Bolsonaro não governou nem um dia em quatro anos; estava
ocupado preparando o golpe
Nelson Rodrigues gostava de contar esta história. Otto Lara Resende, morador da Gávea, ia todos os dias
pelo Aterro do Flamengo para o jornal em que trabalhava, no centro da cidade.
Um dia, ao passar pelo Morro da Viúva, olhou casualmente à direita e viu um
corpo estranho na enseada: uma pedra gigante com uma casinha no cocuruto. Era o
Pão de Açúcar. Embora morasse no Rio desde 1945 e todos os empregos que tivera
o obrigassem a passar em frente a ele, Otto nunca se dera conta de sua
existência. Atônito, meteu o pé no freio. Os pneus faiscaram e obrigaram os
motoristas atrás dele a fazer o mesmo.
Para espanto de todos, Otto saiu do carro e começou a zanzar entre eles,
apontando mudo, de boca aberta, para o Pão de Açúcar. Assustadas, as pessoas
também desceram, para acudi-lo. Asmático, veio-lhe a falta de ar e ele puxou a
bombinha. Uma senhora, abanando-o, dizia: "Calma, meu senhor,
calma!". E, sempre apontando para o Pão de Açúcar, só então Otto balbuciou: "Ontem não
estava ali! Ontem!". E Nelson completou: "Foi um momento para a
eternidade —o grande confronto entre Otto Lara Resende e o óbvio
ululante".
Foi a primeira vez que Nelson usou a expressão "óbvio
ululante", para dizer que o óbvio ulula à nossa frente, implorando para
ser percebido. Mas não o vemos. "Só os profetas enxergam o óbvio",
concluiu Nelson. Por isso, Otto nunca enxergara o Pão de Açúcar —ele era o
óbvio ululante.
Tudo o que aconteceu durante Bolsonaro e
só agora está vindo à tona do pântano era óbvio desde o começo. Bolsonaro não
dedicou um único dia de seu suposto governo a governar. A educação, a
saúde, a segurança, nem mesmo a economia, nunca lhe disseram nada. A partir do
primeiro dia, empenhou-se em sua recondução ao poder em 2022, precavendo-se de
que, se isso não acontecesse pelas urnas, viria na forma de um golpe.
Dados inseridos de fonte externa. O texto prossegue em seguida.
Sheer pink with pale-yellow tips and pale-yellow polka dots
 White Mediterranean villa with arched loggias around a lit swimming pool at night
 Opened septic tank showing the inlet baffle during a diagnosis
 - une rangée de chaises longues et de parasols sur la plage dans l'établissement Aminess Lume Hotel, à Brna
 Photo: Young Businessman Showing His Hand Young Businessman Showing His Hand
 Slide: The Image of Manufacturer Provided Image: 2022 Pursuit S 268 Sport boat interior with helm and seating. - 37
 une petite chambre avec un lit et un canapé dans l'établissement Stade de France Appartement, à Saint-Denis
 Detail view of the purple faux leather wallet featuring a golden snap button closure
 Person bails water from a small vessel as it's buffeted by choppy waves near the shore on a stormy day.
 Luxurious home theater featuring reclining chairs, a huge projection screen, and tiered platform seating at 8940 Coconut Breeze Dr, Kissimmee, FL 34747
Uma consulta aos arquivos mostrará que, com as mesmas
palavras, isso foi dito várias vezes neste espaço naqueles quatro anos. Nenhuma
vantagem —era o óbvio. E tão óbvio que o próprio Bolsonaro o ladrava nos
palanques, caçambas e motociatas, na certeza de que ninguém o enxergaria.